Berceau announced a bill this week that seeks to “stem the growing tide of intelligent design and other specious science.” The three-sentence bill says that anything taught as science in science classes should be “testable,” describe “only natural processes,” and be consistent with science as described by the National Academy of Sciences, which has said intelligent design is not science.

The legislation is the first of its kind in the country, and University of Wisconsin at Madison faculty members, five of whom Berceau consulted, applauded the bill as strong support for teachers who have been caught in the middle of the controversy. “I think it makes Wisconsin look good the same way [embracing alternative theories to evolution] made Kansas look silly,” said Alan Attie, a biochemistry professor at Wisconsin and one of the faculty members Berceau consulted.

The bill may well not pass, but the collaboration between a legislator and professors represents a path for scientists who want to take the offensive in the evolution wars, rather than just responding. Berceau said that “academics have a tendency to lie low,” but was glad they got involved in this case because of what she called a threat to the “science pipeline.”

Berceau was careful to point out that the bill, which never actually mentions intelligent design, would not kick ID out of schools completely -- it just could not be taught as science. Attie explained that “we’re not saying that intelligent design shouldn’t be discussed. It’s a beautiful teaching opportunity for talking about what is science.”

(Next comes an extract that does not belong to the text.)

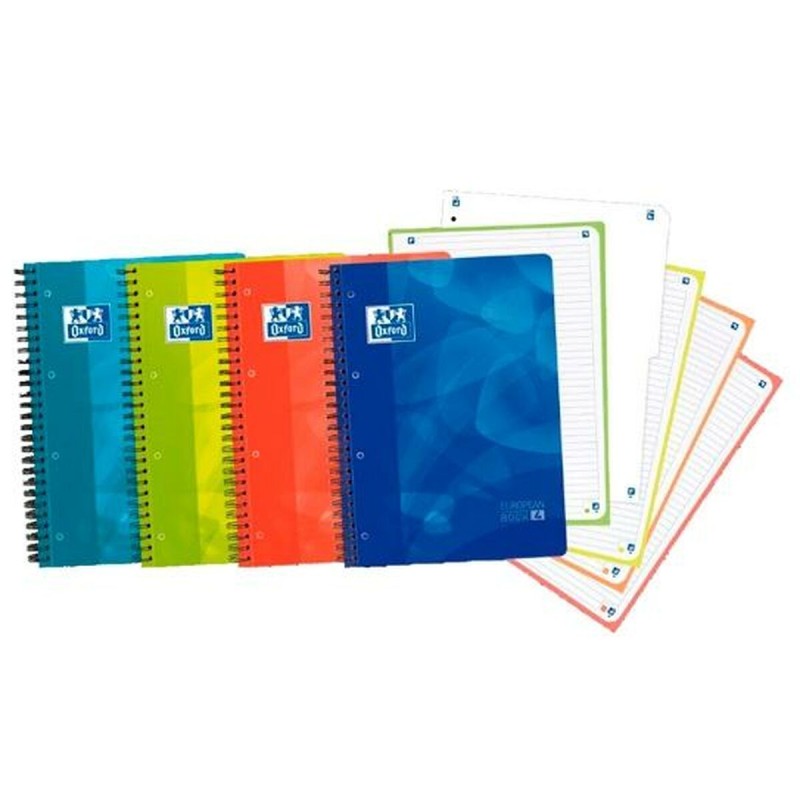 Cahier Oxford European Book 4 Multicouleur A4 5 Pièces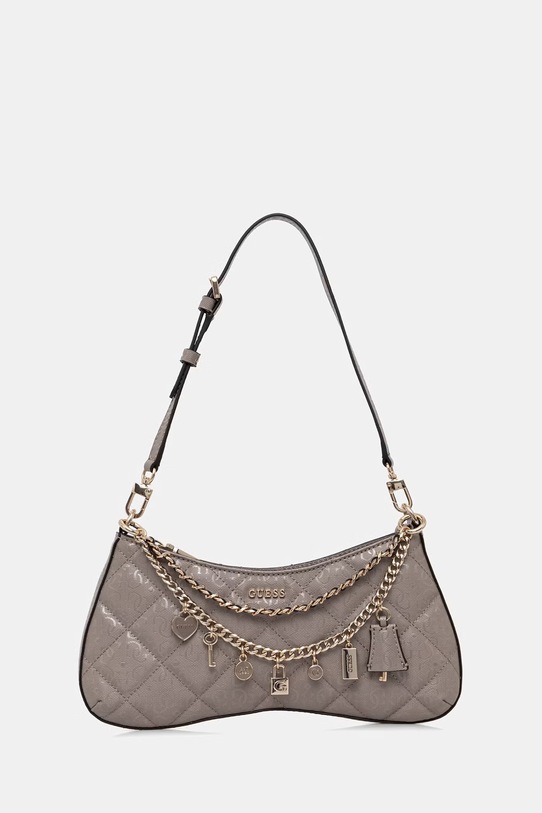 Guess torebka damska z imitacji skóry LIBBY beżowy HWGG99.12180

In December, a federal judge in Pennsylvania ruled that intelligent design is indelibly tied to its religious underpinnings, and that teaching it in a public school class violates the Constitutional separation of church and state. That case came in response to the Dover, Pa., school board voting intelligent design into the curriculum in 2004. Also in 2004, the school board in Grantsburg, Wis., mulled over including alternative theories to evolution, before backing off and settling on language that said students should “be able to explain the scientific strengths and weaknesses of evolutionary theory.”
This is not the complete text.